MATERIAL PROVIDED: Begin
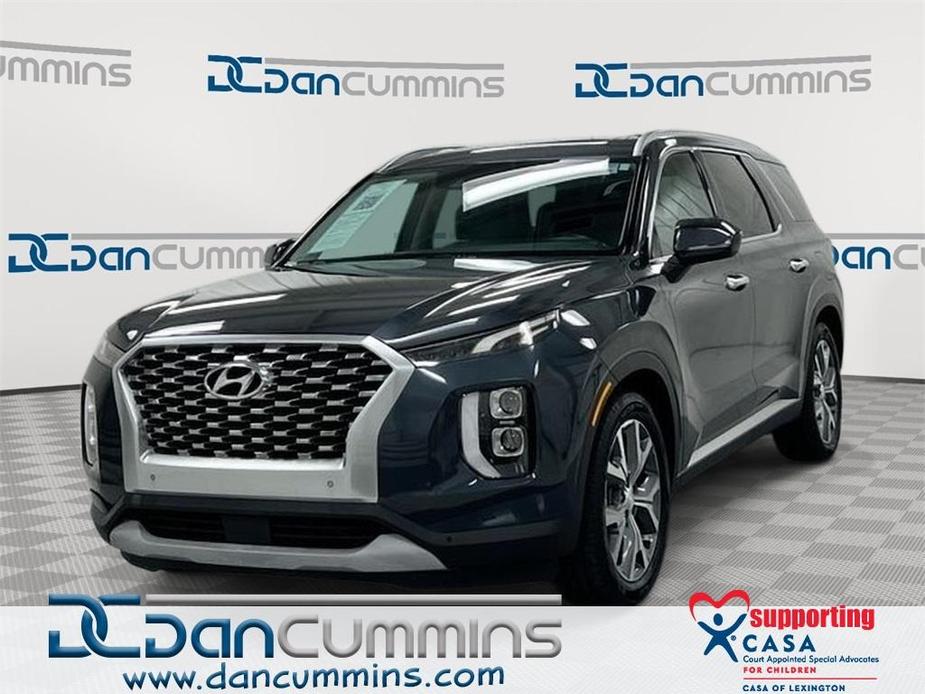 used 2020 Hyundai Palisade car, priced at $27,987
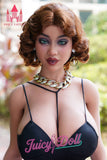 153cm(5ft0) Icup Remi Head #K5 Love Sex Doll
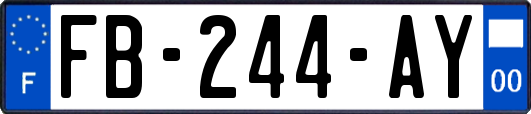 FB-244-AY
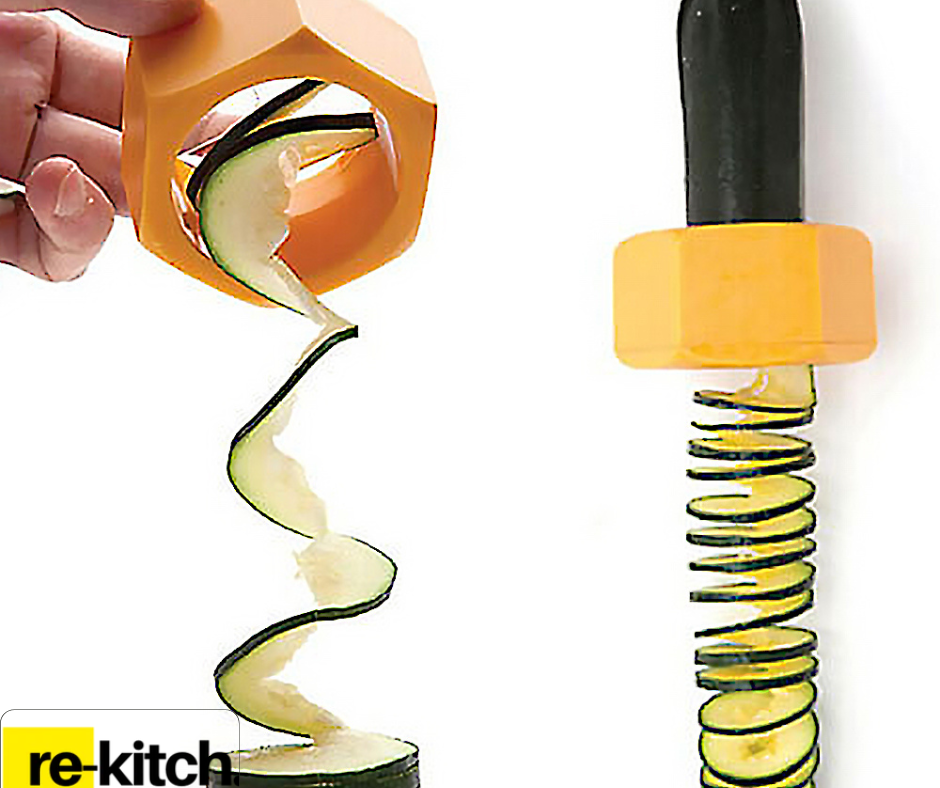 Re-Kitch.™ Knife Vegetable Cutter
MATERIAL PROVIDED: End
### WHAT IS NEEDED
Pictures aside, give the data again exactly as it appears.

### FINISHED EXERCISE
 used 2020 Hyundai Palisade car, priced at $27,987
 153cm(5ft0) Icup Remi Head #K5 Love Sex Doll
 FB-244-AY
 Re-Kitch.™ Knife Vegetable Cutter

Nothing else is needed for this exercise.